Nielsen's Delicatessen in Houston built on secret family recipes

In a town where smoked meats and sizzling fajita platters tend to get much of the hype, it is worth noting that it’s rich in top-notch delicatessens too, with Nielsen’s leading the pack as the oldest deli in Houston. The still-family-owned deli, once known as “the delicatessen with the Scandinavian accent,” according to Houston Chronicle archives, celebrates 70 years in business in 2022.

The namesake restaurant of Danish immigrants Niels and Vita Nielsen opened in 1952 after the couple moved to Houston from Denmark with their daughters Ellen and Edith in tow. It wasn’t a completely novel idea for them, as the duo had operated three delis and a butcher shop back in Esbjerg.

When they opened Nielsen’s in a small retail strip on Richmond Avenue near Drexel, it was one of the city’s first delicatessens. Here, they wanted to introduce Houstonians to smørrebrød, traditional Danish open-faced sandwiches, meant to be enjoyed with a fork and a knife.
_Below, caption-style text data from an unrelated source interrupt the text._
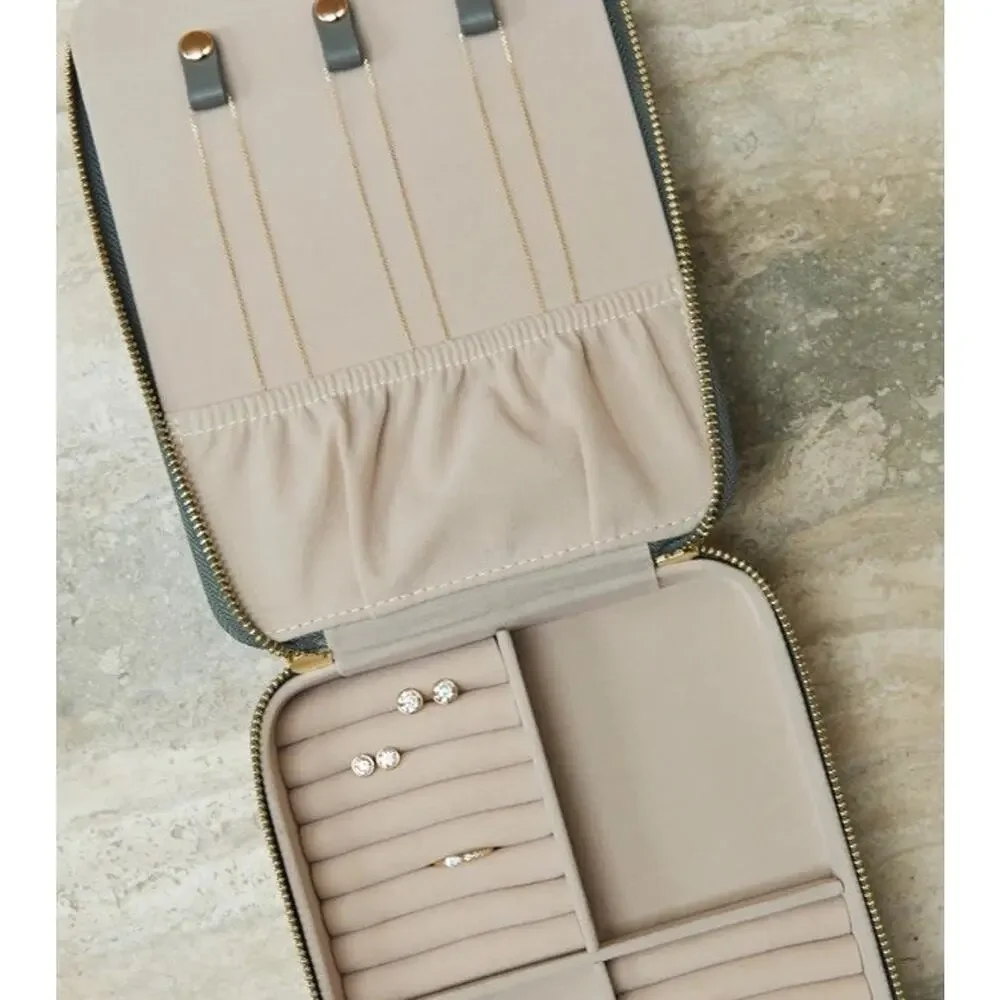 Idyl Elegant Jewelry Organizer Vegan Leather Gray Travel Zip Case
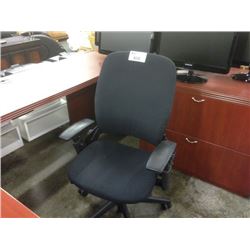 BLACK STEELCASE LEAP MULTILEVER ERGONOMIC TASK CHAIR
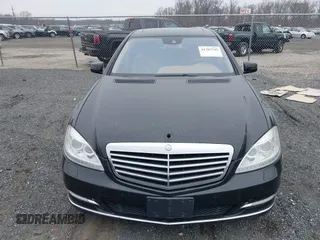 2010 Mercedes-Benz S 550 with VIN WDDNG8GB7AA329979, listed as a IAAI auction lot 41783705 with 124,126 mi miles and . Bid and sale history available at DreamBid. Image 12.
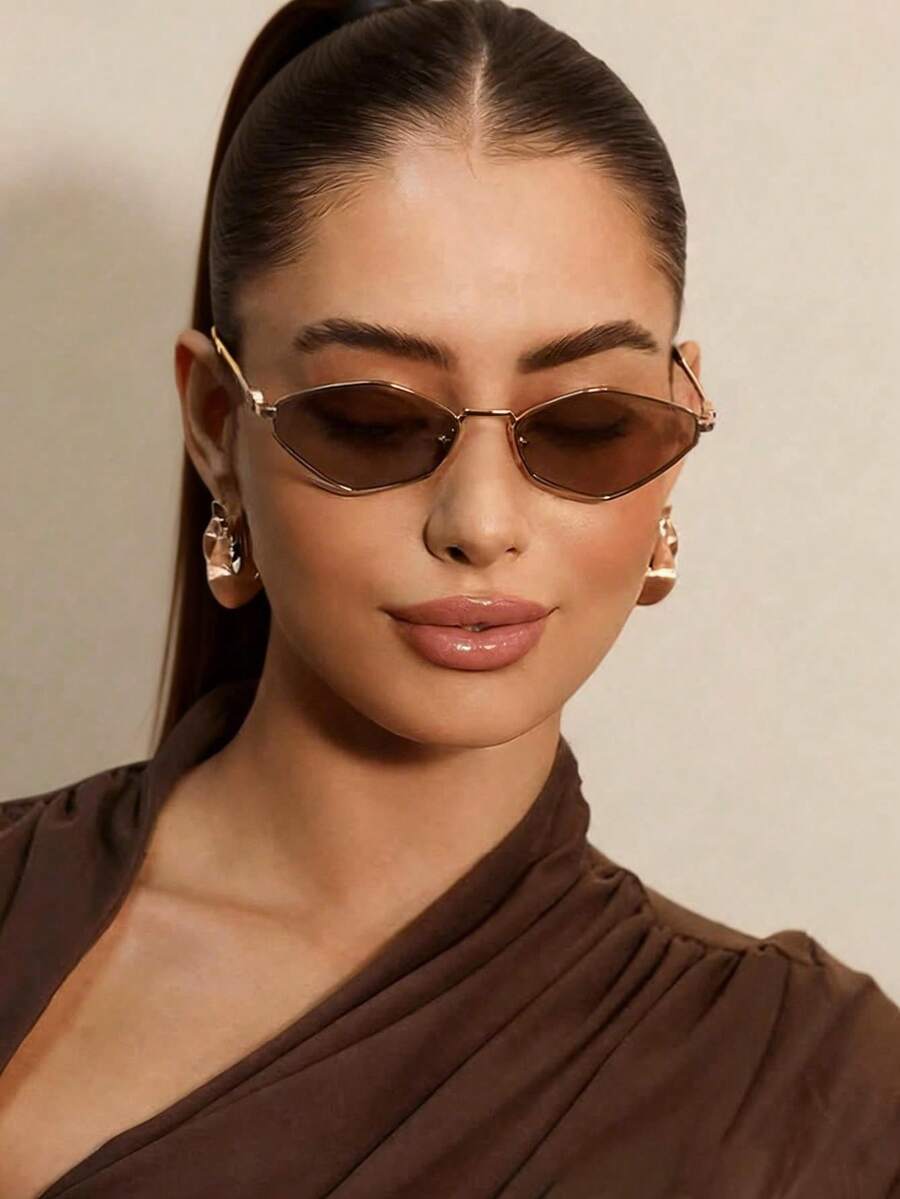 1pc Retro Small Metal Frame Rhombus Fashion Glasses, Elegant Street Style Fashion Glasses For Women - Tròng kính màu nâu sẫm gọng vàng - Xem 1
It wasn’t long before they realized diners favored sandwiches built the old-fashioned American way, with a double dose of bread. And ones made with Vita’s housemade mayonaise were a big hit.

Nielsen’s Delicatessen’s turkey sandwich is made with turkey meat roasted fresh onsite.

Megha McSwain


Vita got her cooking skills from her mother, and they were put to great use at Nielsen’s. Her mayo, which she made fresh by the gallon daily, even became sought after on its own. Customers would (and still) buy it by the quart or pint to take home and slather it onto their own homemade sandwiches. All of the restaurant’s salads, such as the chicken salad and tuna salad, were created using the decadent mayo as a base. The potato salad in particular, with its large chunks of creamy egg, became widely hailed as one of the best in the city.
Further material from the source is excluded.